* [Work to be completed]:
All records, exactly as written, minus the pictures: copy them out.

* [Excerpted records]:
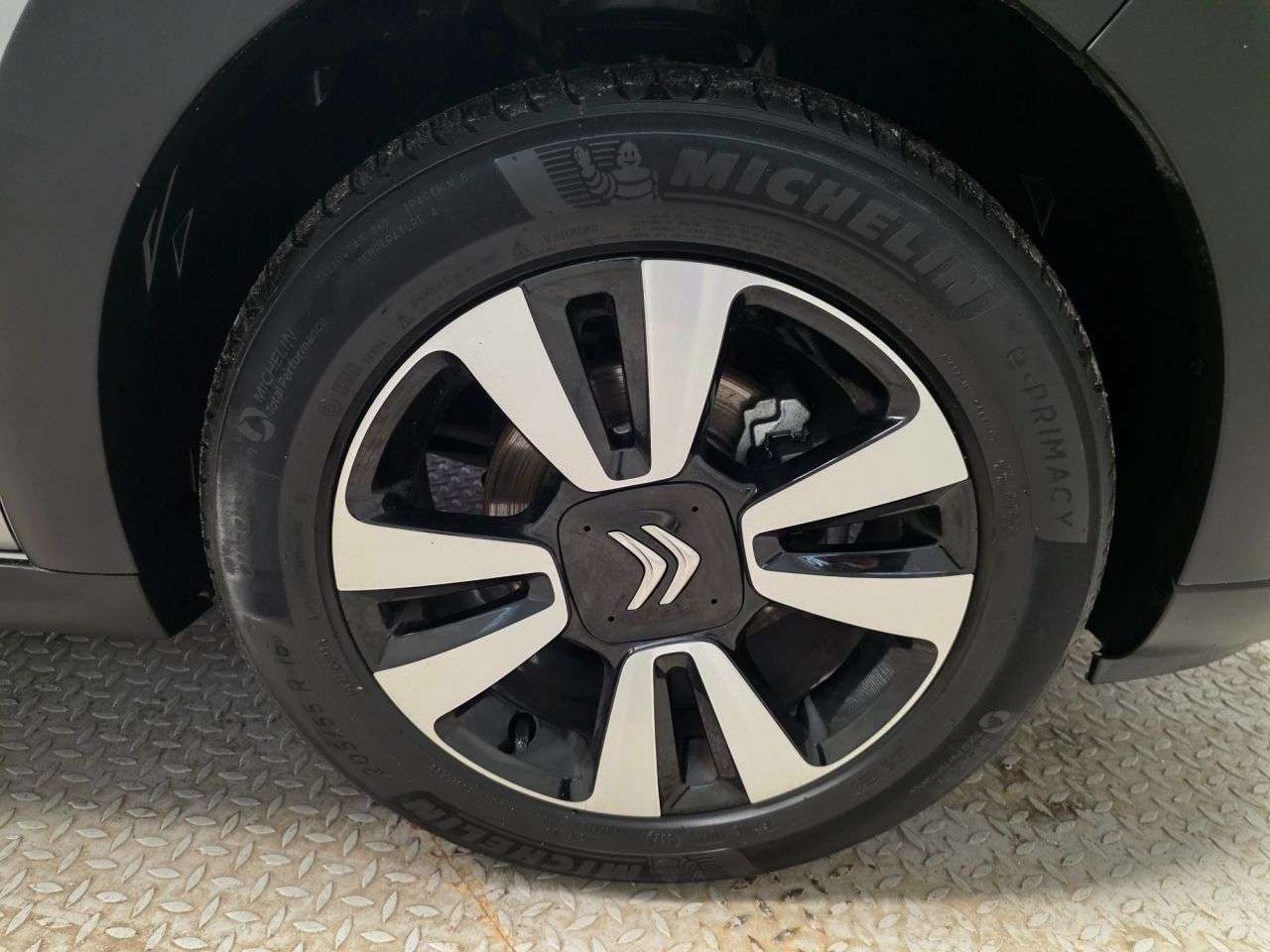 2023 CITROEN C3 2023 CITROEN C3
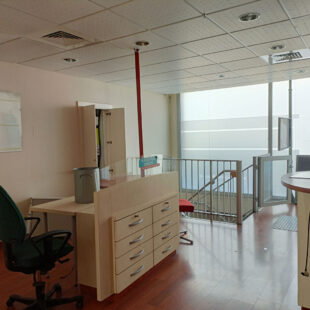 IMMEUBLE – BUREAUX – COMMERCES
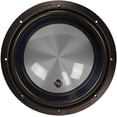 thumbnail image 3 of Audiopipe 12" Woofer 1600W Max 4 Ohm DVC Flat Gray, 3 of 4
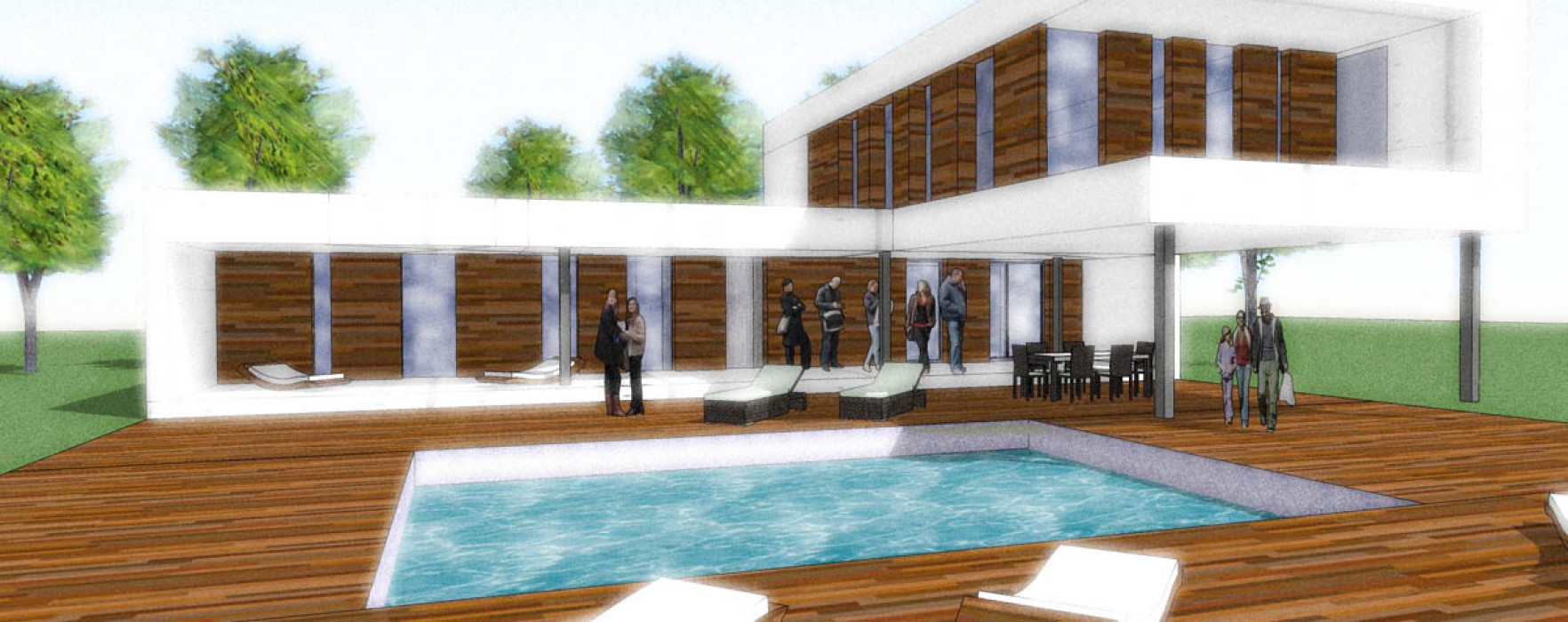 MATERIALI PER LE CASE PREFABBRICATE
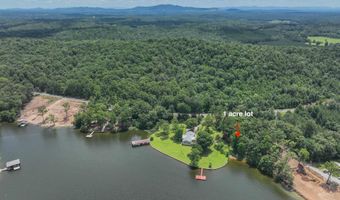 1744 CONSTELLATION Dr, Alpine, AL 35014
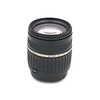 18-200mm DI II LD XR Macro Lens for Sony/Minolta  Alpha Mount - Pre-Owned Thumbnail 1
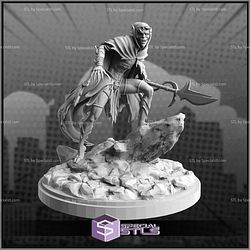 May 2024 C27 Collectibles Miniatures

* [Exercise solution]:
 2023 CITROEN C3 2023 CITROEN C3
 IMMEUBLE – BUREAUX – COMMERCES
 thumbnail image 3 of Audiopipe 12" Woofer 1600W Max 4 Ohm DVC Flat Gray, 3 of 4
 MATERIALI PER LE CASE PREFABBRICATE
 1744 CONSTELLATION Dr, Alpine, AL 35014
 18-200mm DI II LD XR Macro Lens for Sony/Minolta  Alpha Mount - Pre-Owned Thumbnail 1
 May 2024 C27 Collectibles Miniatures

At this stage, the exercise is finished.